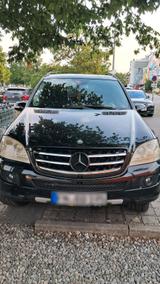 Mercedes-Benz  ML 320 - gebrauchte Mercedes-Benz ML 320 aus dem Jahr 2005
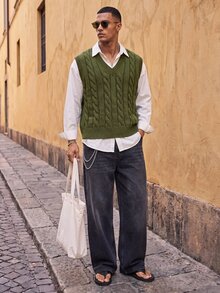 HIMLAND 男士純色深綠色針織背心，立領、無袖設計，修身版型，羅紋下擺，實用保暖層搭單品 - 橄欖綠 - 查看 4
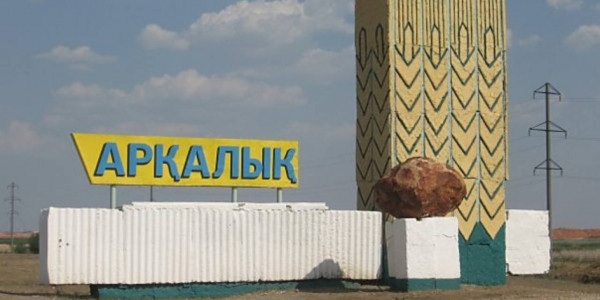 Ауыл дәрігерінің айлығы 800 мың, бірақ... Медицина мекемелері қарызға белшесінен батқан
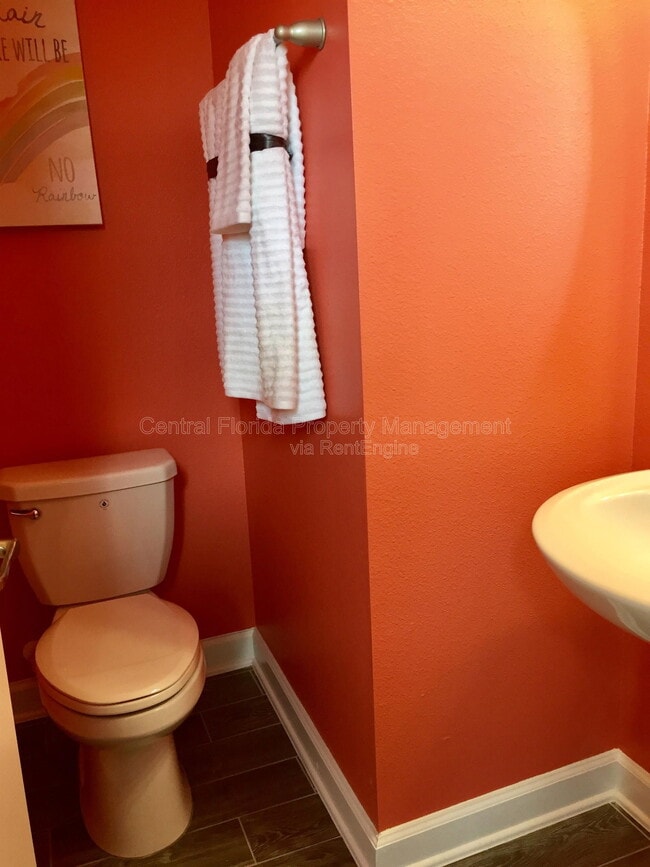 Building Photo - 12076 Theme Alley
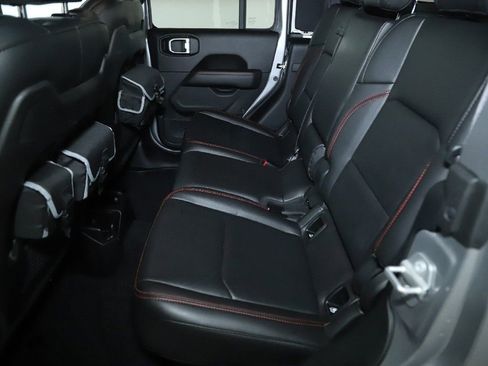 Used 2020 Jeep Gladiator Rubicon image 14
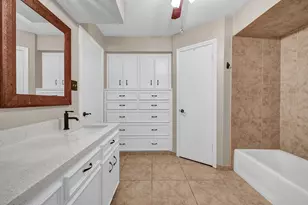 110 Buttercup St, Lake Jackson, TX 77566 - Photo 24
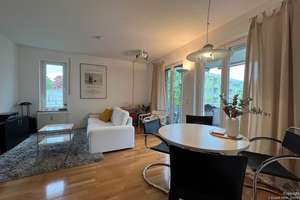 Bezugsfreie und gut geschnittene 3-Zimmer-Wohnung mit grosszügigem Balkon in Bogenhausen/Oberföhring – Die vollständige Adresse der Immobilie erhältst du vom Anbieter., 81925 Oberföhring, München – Vorschaubild 4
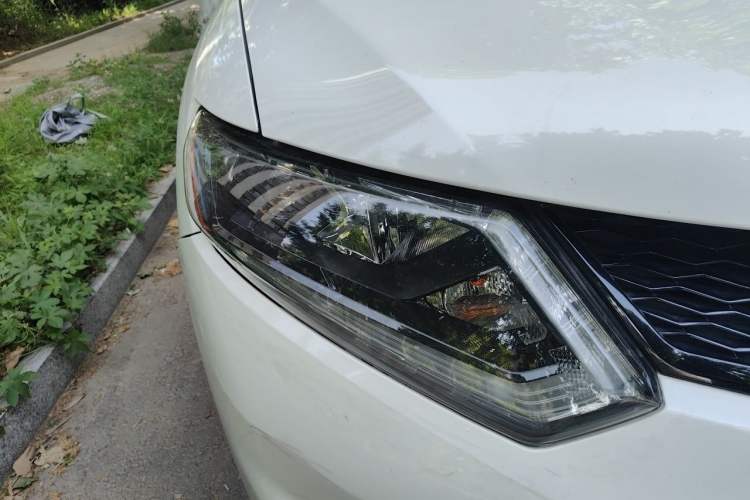 Used Nissan X-Trail 2015 2.0L CVT Comfort MAX Edition 2WD Right Front Headlight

********************

- _PROBLEM DETAILS_
Write the lines from the line containing "HIMLAND 男士純色深綠色針織背心，立領、無袖設計，修身版型，羅紋下擺，實用保暖層搭單品 - 橄欖綠" through the last line of the data out again exactly, and only those lines; pictures stay out.

- _WRITTEN REPLY_
 HIMLAND 男士純色深綠色針織背心，立領、無袖設計，修身版型，羅紋下擺，實用保暖層搭單品 - 橄欖綠 - 查看 4
 Ауыл дәрігерінің айлығы 800 мың, бірақ... Медицина мекемелері қарызға белшесінен батқан
 Building Photo - 12076 Theme Alley
 Used 2020 Jeep Gladiator Rubicon image 14
 110 Buttercup St, Lake Jackson, TX 77566 - Photo 24
 Bezugsfreie und gut geschnittene 3-Zimmer-Wohnung mit grosszügigem Balkon in Bogenhausen/Oberföhring – Die vollständige Adresse der Immobilie erhältst du vom Anbieter., 81925 Oberföhring, München – Vorschaubild 4
 Used Nissan X-Trail 2015 2.0L CVT Comfort MAX Edition 2WD Right Front Headlight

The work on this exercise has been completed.